• [PROBLEM STATEMENT]: Down to the last line, retype the records below exactly and skip the pictures.

★ ★ ★ ★ ★

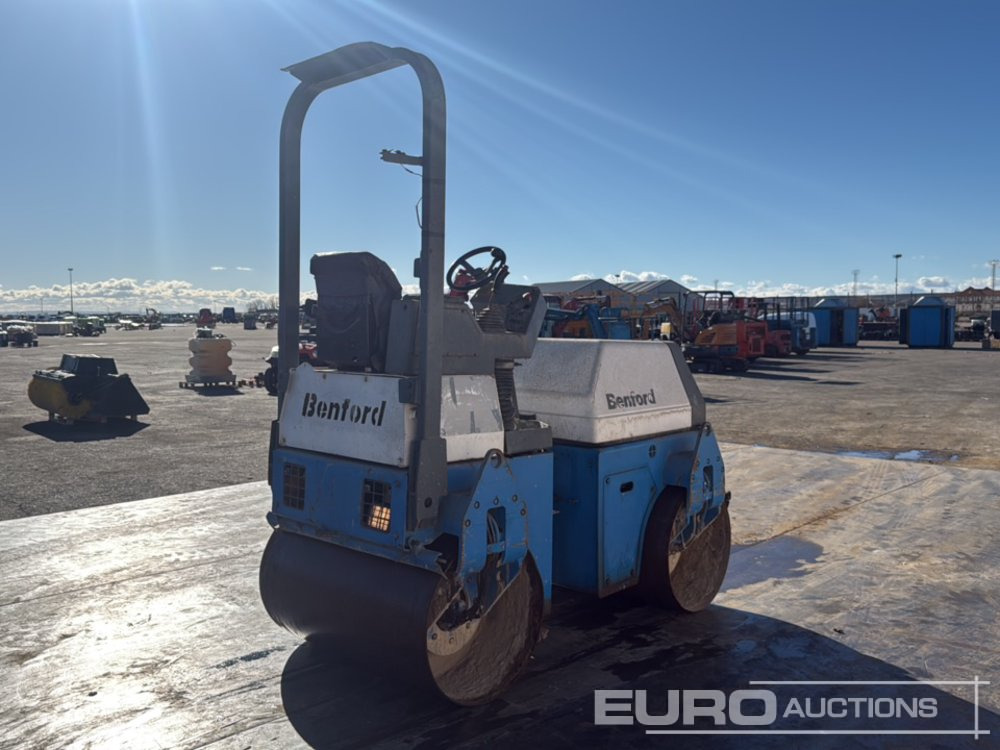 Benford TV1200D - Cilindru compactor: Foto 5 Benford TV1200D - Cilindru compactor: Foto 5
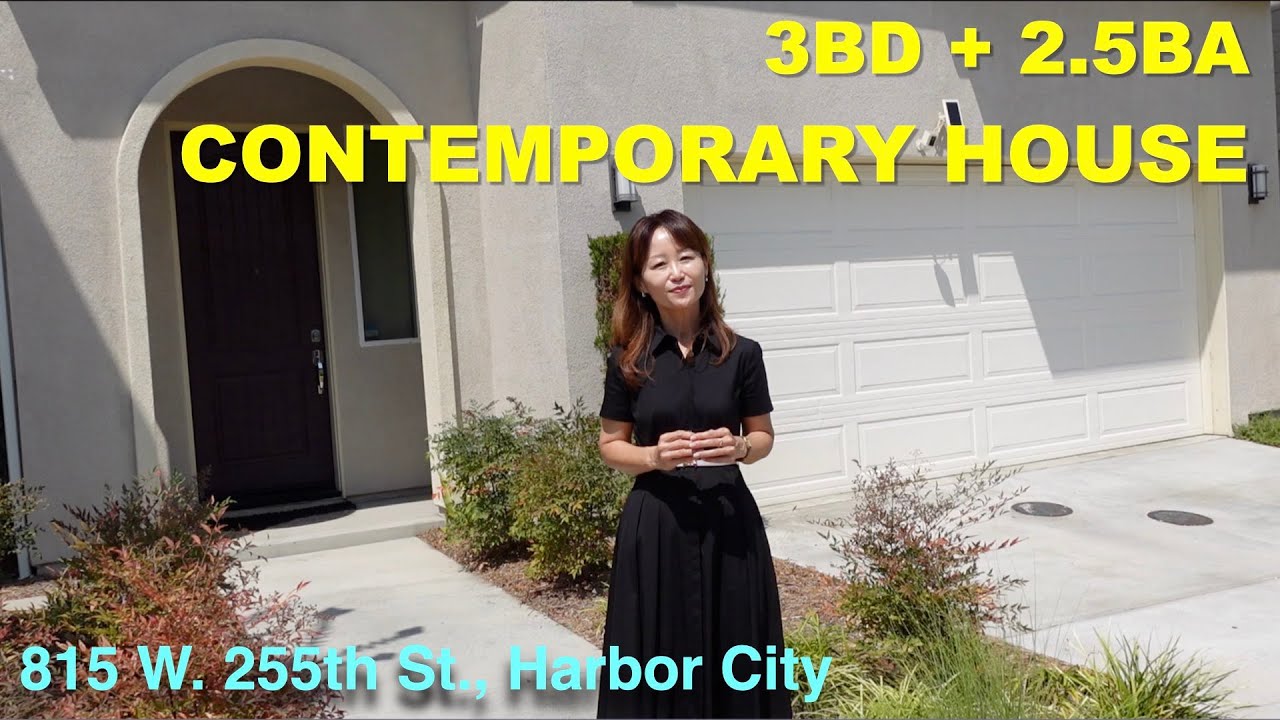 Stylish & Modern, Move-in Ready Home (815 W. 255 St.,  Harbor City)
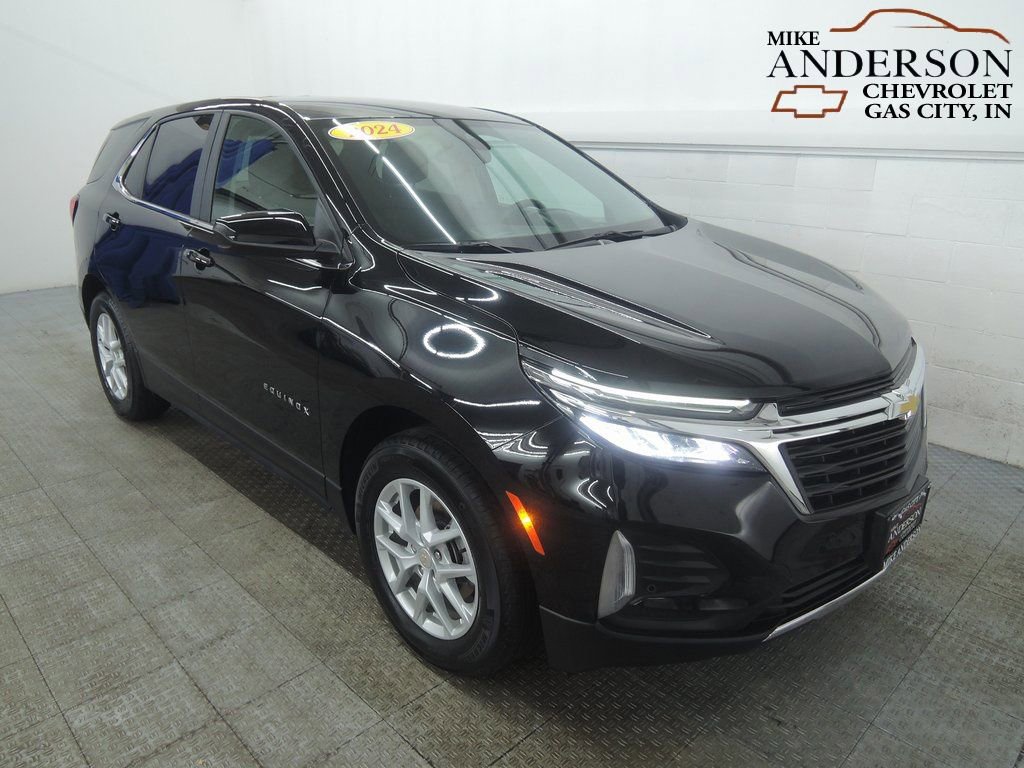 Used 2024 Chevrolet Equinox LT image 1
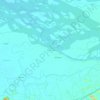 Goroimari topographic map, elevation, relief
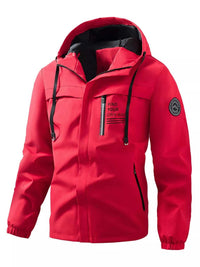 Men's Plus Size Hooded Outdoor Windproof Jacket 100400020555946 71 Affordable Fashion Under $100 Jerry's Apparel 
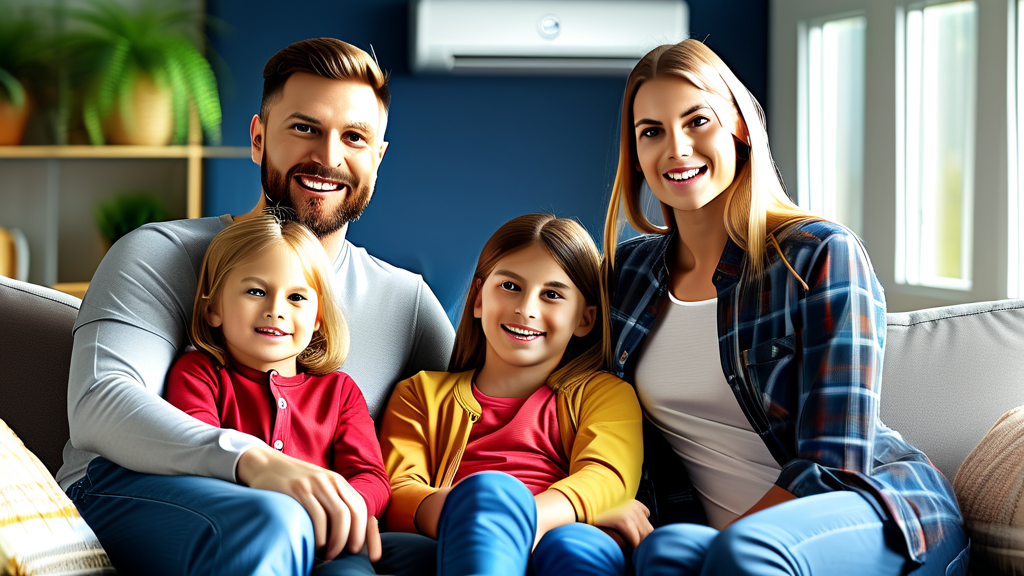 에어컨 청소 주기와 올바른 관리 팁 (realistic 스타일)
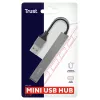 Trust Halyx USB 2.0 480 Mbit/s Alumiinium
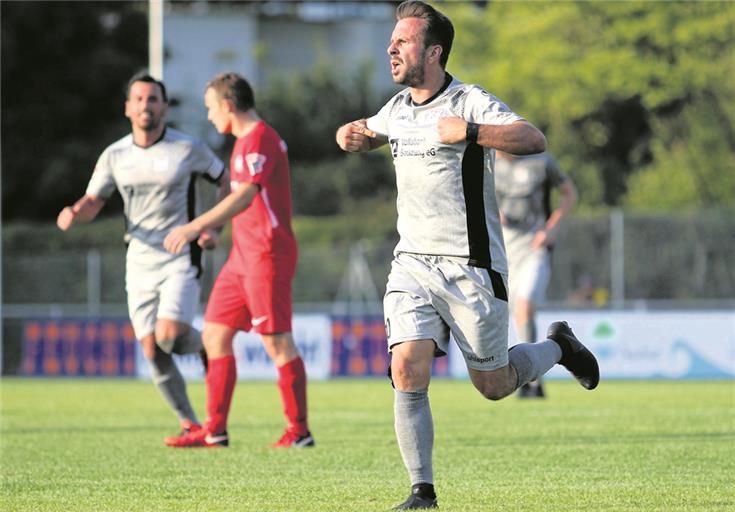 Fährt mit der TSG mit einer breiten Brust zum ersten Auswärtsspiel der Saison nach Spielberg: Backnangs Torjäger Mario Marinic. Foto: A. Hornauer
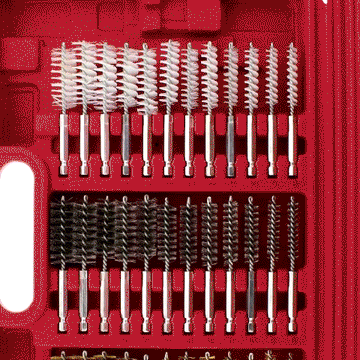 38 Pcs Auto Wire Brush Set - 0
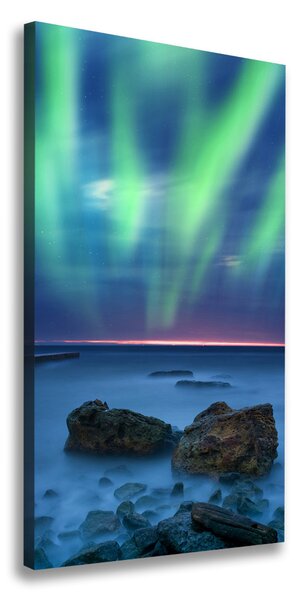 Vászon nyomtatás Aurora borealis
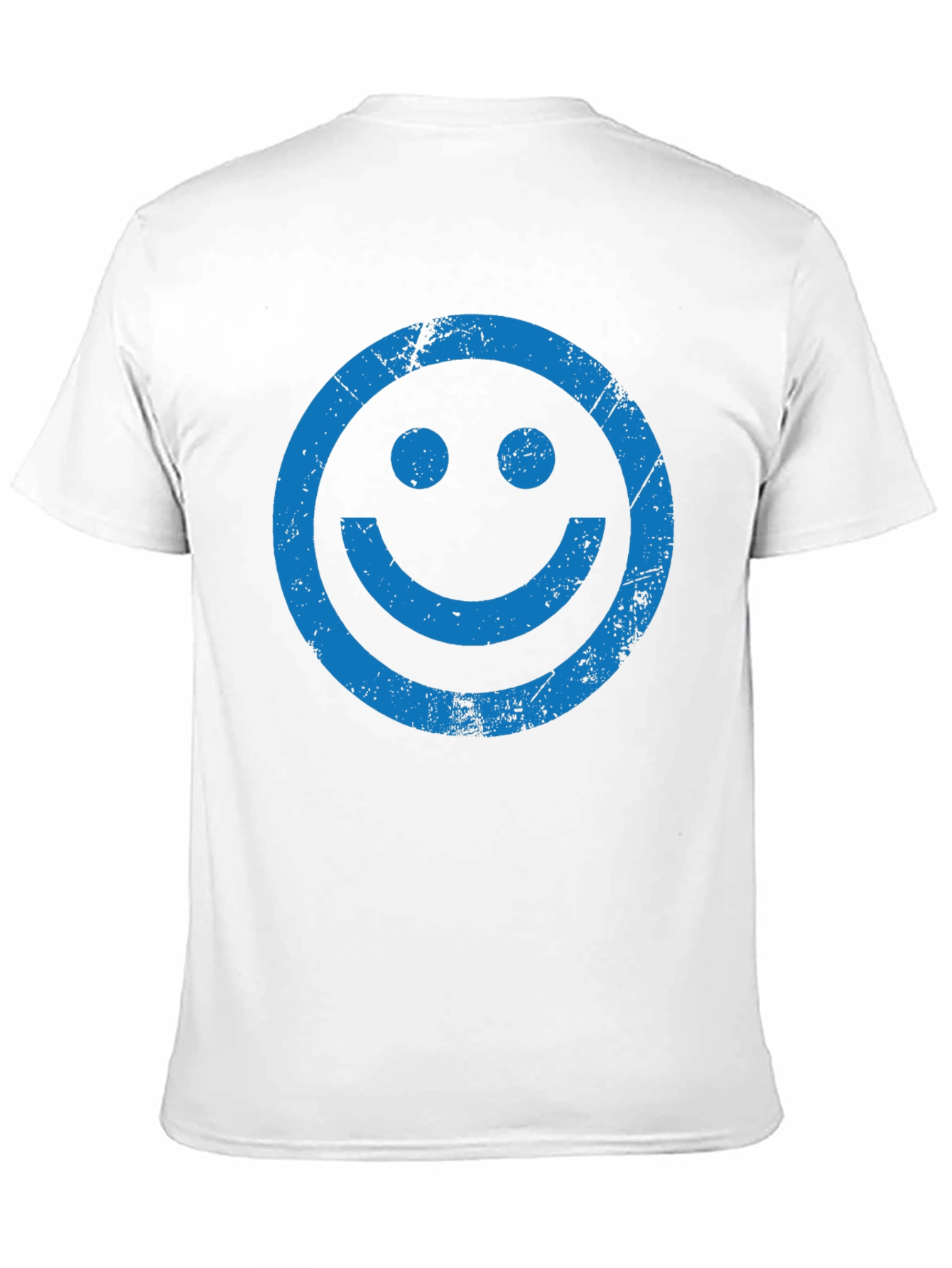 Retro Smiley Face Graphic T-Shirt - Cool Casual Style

★ ★ ★ ★ ★

• [RESPONSE AREA]:
 Benford TV1200D - Cilindru compactor: Foto 5 Benford TV1200D - Cilindru compactor: Foto 5
 Stylish & Modern, Move-in Ready Home (815 W. 255 St.,  Harbor City)
 Used 2024 Chevrolet Equinox LT image 1
 Goroimari topographic map, elevation, relief
 Men's Plus Size Hooded Outdoor Windproof Jacket 100400020555946 71 Affordable Fashion Under $100 Jerry's Apparel 
 에어컨 청소 주기와 올바른 관리 팁 (realistic 스타일)
 Trust Halyx USB 2.0 480 Mbit/s Alumiinium
 Fährt mit der TSG mit einer breiten Brust zum ersten Auswärtsspiel der Saison nach Spielberg: Backnangs Torjäger Mario Marinic. Foto: A. Hornauer
 38 Pcs Auto Wire Brush Set - 0
 Vászon nyomtatás Aurora borealis
 Retro Smiley Face Graphic T-Shirt - Cool Casual Style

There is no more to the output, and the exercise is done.